Eloge de Caroline Riegel

Ce que j’aime le plus dans Soif d’Orient, c’est la façon dont la voyageuse passe d’une communauté à l’autre sans avoir de préjugés politiques sur les territoires abordés. À la différence de voyageurs qui se mettent en scène comme des stars, elle se fond dans le paysage, tâche de pratiquer les langues, et n’hésite pas à rester des mois dans un village du Zanskar.

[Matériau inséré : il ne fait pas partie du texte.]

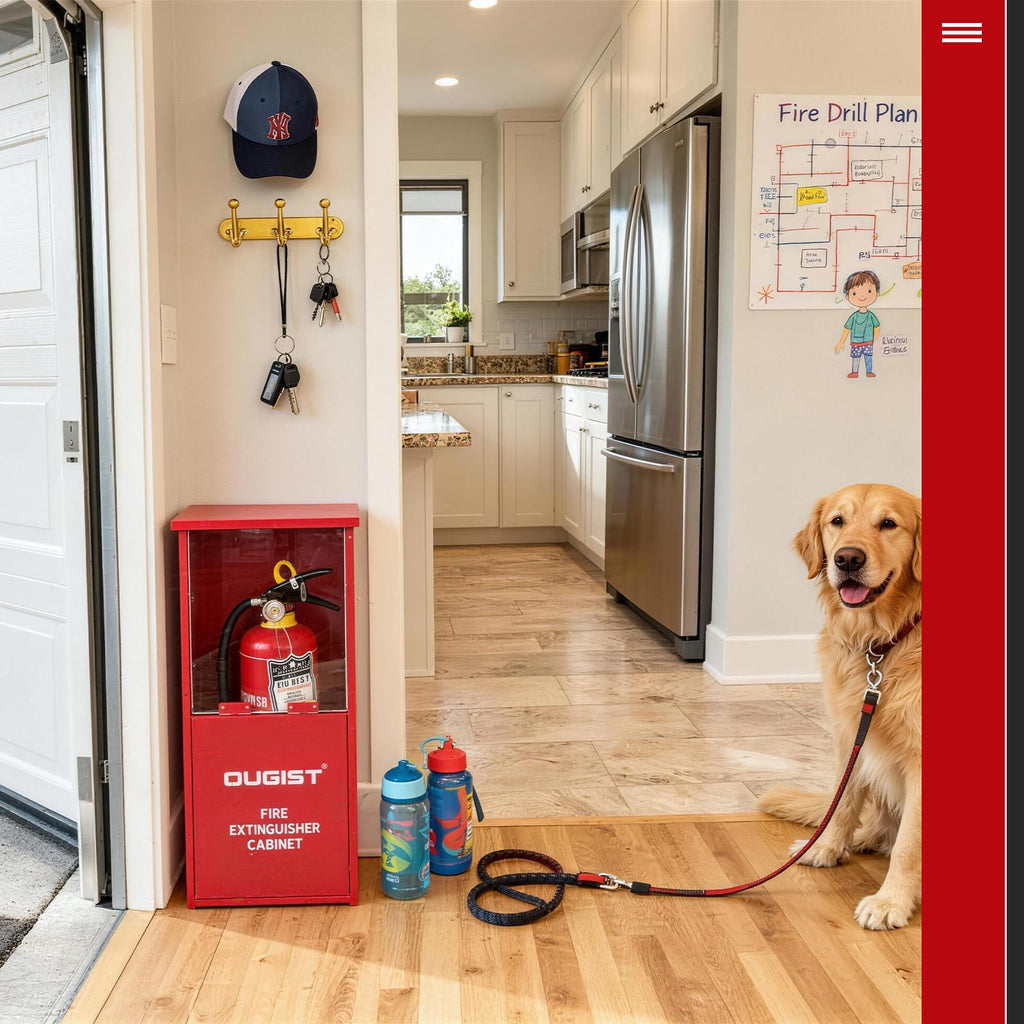 Fire Extinguisher Cabinet with Acrylic Window S290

Les récits de voyage de cette ingénieure hydrologue, dont j’avais parlé avec légèreté la première fois, m’ont beaucoup intéressé lorsque je devais écrire une conférence sur le Xinjiang, la grande province de l’ouest de la Chine. Je m’étais aperçu que dans des régions aussi tendues que le Tibet ou le Xinjiang, le récit de voyage devenait un exercice difficile, car l’auteur a tendance à se transformer en acteur humanitaire, à jouer les belles âmes, à défendre des bonnes causes, en héros des temps modernes, toutes choses qui font tomber le récit de voyage dans une sorte d’appauvrissement littéraire. Voir les productions de Priscilla Telmon ou de Sylvie Lasserre : le discours devient binaire, anti-chinois, et des sentiments sans nuance tels que l’indignation, la tristesse, la colère, le narcissisme parfois, remplacent les qualités que devraient animer les écrivains voyageurs : écoute, attention, attachements aux détails, critique de ce qui est donné comme vérité et discours officiels, capacité à voir les phénomènes culturels et anthropologiques sous les pratiques apparemment banales et/ou méprisées.

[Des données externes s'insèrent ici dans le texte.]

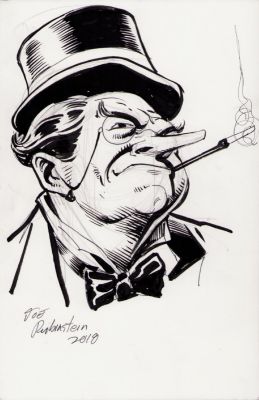 Joe Rubinstein | Penguin Ink Art Commission - Signed 2018 | Anthony’s Comic Book Art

Caroline Riegel échappe à ce piège humanitaire et médiatique. Grâce sans doute à son objectif central, l’eau. Elle n’est pas en Asie pour dénoncer les dictatures (nous les connaissons déjà et nous n’apprendrions rien !), mais pour suivre et décrire les différentes façons de vivre avec l’eau, de s’en servir, de s’en protéger, de la révérer ou de la rechercher. C’est un récit de voyage en prise avec le vital, la survie.

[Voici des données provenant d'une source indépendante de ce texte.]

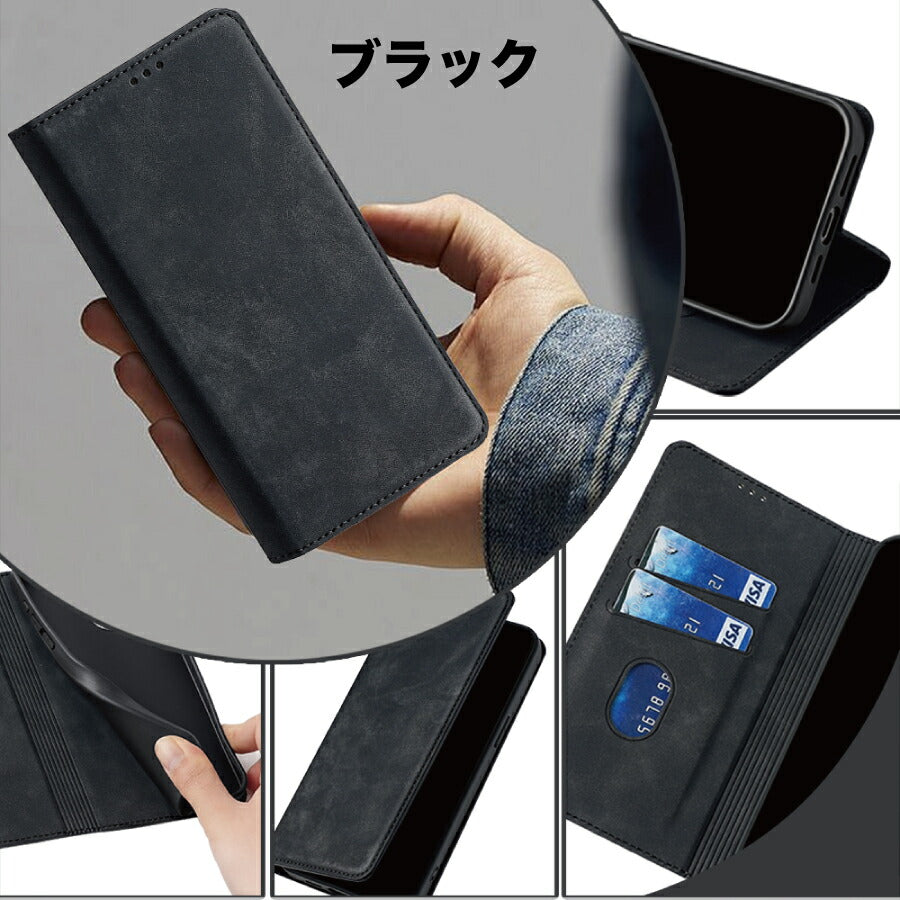 iPhone13mini  手帳ケース iPhone 手帳型 アイフォン13ミニ iPhone 13 mini ケース カバー PUレザー カード収納 スタンド機能 マグネット開閉 無地 シンプル おしゃれ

Pour résumer d’une phrase l’éloge que je ferais d’elle, je dirais qu’à un moment où les récits de voyage deviennent arides à cause de l’engagement politique, elle irrigue le genre grâce à un point de vue de technicienne hydrologue.

On la voit entrer en contact avec des Chinois et des Ouïghours, (nomades et sédentaires). Elle montre que des Chinois sont serviables, qu’ils la laissent voyager même quand elle est à la limite de la légalité, et qu’ils ne sont pas tous riches et dominateurs. Elle fait une belle rencontre avec une Chinoise paysanne, avec qui elle se rend aux champs pour assister à l’irrigation des champs de la petite exploitation familiale.

Elle joint aussi une tribu nomade, des familles de bergers avec qui elle fait des bouts de transhumance. Ce sont des images qui restent, longtemps après la lecture. Elle décrit combien les nomades ouïghours « ont l’âme plus taquine que celle des nomades mongoles », et combien elle se fait charrier par les adolescents. Elle aide la femme à faire à manger sous la tente et se met en colère contre les avances d’un jeune homme en rut dont il n’est pas clair s’il se branle près d’elle ou s’il viole la voyageuse…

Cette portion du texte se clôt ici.